The Domestic Partnership Act will partially abolish same-sex marriage in Bermuda and create a three-tier system in which heterosexual couples can choose between marriage or domestic partnership, same-sex marriages that were enacted prior to this Bill coming into force will continue to exist, and future same-sex relationships can only be recognized through domestic partnership.

This situation is different from that in other jurisdictions that have prohibited same-sex marriages before they have taken place. Once the decision has been taken to abolish the right to marry of one group on the basis that another segment of the community disapproves of their marriage, how secure can other Bermudian married couples be? For example, according to the 2010 census, Catholicism is closely behind Anglicanism as the second most prominent religious group in Bermuda. Should married divorcees be concerned that they might be the next group to be relegated to domestic partnerships on the basis that their second marriage goes against the religious values of a large group of other Bermudians?

The campaign group Preserve Marriage, which has coordinated opposition to same-sex marriage, do not support the introduction of domestic partnerships: this provision is a political compromise that they see as an inevitable step towards same-sex marriage. This assertion appears at first glance to be difficult to substantiate given that in this case it is clearly a step away from same-sex marriage, but their position is that ‘separate but equal’ provisions would eventually be seen to be discriminatory. This is undoubtedly correct. There is absolutely no rationale for creating a separate legal provision that largely mirrors marriage other than to send a message that same-sex relationships are deserving of a lesser status than heterosexual relationships. It is no doubt particularly galling for LGBT Bermudians that this message is sent while rolling back from an equality that had already been enacted. It is also a situation that is very likely at some point in the future to be found to be contrary to the European Convention on Human Rights, to which Bermuda is subject. The European Court of Human Rights gives a wide ‘margin of appreciation’, in other words a certain discretion, to national governments in areas that are socially or politically contentious and on which there is no clear consensus between the member states. As such, it has so far declined to find that same-sex marriage is required under the Convention. However, as more European states recognize same-sex marriage, this margin will narrow and eventually the Court will find that allowing heterosexual but not same-sex couples to marry is discriminatory. At this point the UK will have a difficult decision to make: either overturn Bermuda’s Domestic Partnership Act through primary legislation from the UK Parliament, or be responsible for Bermuda’s lack of compliance with its international obligations under the Convention.

There is, however, an alternative that has not been considered in Bermuda and that could protect both religious freedom and equal treatment of same-sex relationships: abolish the civil status of marriage entirely and replace it with domestic partnership for everyone.

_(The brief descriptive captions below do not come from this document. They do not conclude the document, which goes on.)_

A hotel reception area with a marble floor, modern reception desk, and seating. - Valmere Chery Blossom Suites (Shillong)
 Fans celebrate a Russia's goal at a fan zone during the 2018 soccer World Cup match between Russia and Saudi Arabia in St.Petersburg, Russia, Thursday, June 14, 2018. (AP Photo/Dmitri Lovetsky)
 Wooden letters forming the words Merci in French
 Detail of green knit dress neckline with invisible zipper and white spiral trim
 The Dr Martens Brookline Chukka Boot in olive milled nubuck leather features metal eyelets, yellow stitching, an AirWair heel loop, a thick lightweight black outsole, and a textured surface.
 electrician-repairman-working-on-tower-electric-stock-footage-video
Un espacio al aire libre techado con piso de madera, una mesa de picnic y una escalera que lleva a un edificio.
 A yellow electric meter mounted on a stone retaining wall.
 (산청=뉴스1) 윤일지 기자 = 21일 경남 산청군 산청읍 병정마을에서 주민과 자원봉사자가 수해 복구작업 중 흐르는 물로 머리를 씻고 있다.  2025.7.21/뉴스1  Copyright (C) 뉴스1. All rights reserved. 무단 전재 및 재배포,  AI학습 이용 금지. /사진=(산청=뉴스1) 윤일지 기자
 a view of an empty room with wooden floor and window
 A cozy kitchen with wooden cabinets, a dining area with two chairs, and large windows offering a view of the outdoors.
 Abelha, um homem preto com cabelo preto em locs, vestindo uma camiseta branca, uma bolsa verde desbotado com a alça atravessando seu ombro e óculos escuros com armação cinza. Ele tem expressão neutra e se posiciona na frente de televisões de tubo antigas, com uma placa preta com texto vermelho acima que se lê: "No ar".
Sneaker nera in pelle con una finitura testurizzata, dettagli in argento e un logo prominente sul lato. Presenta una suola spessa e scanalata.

This would allow individual religious groups in Bermuda the freedom to define marriage in accordance with their own religious beliefs and to perform marriages only between those couples that meet their criteria, and there would be no discrimination in law between same-sex and different-sex couples who are all equally recognized as domestic partners, with marriage conferring no legal status for anyone.

This would clearly have been a radical proposition but if marriage can be removed from Bermudian same-sex couples and replaced with domestic partnerships, why not treat all Bermudians the same? It would have been an ironic ending to a story that began with a campaign to ‘preserve marriage’, but it would have also been a solution that avoided the need to carve out an exception to the Human Rights Act and would also have protected Bermuda from a future violation of the UK’s international obligations. Most importantly, it would have affirmed the equality of all Bermudians, whether gay or straight, religious or non-religious. It may also eventually be the only way to ‘preserve’ marriage as heterosexual.

And those (heterosexual) Bermudians who might object that their relationship may not now be recognized by other countries when they travel overseas may be reminded of the old saying: what’s good for the goose is good for the gander.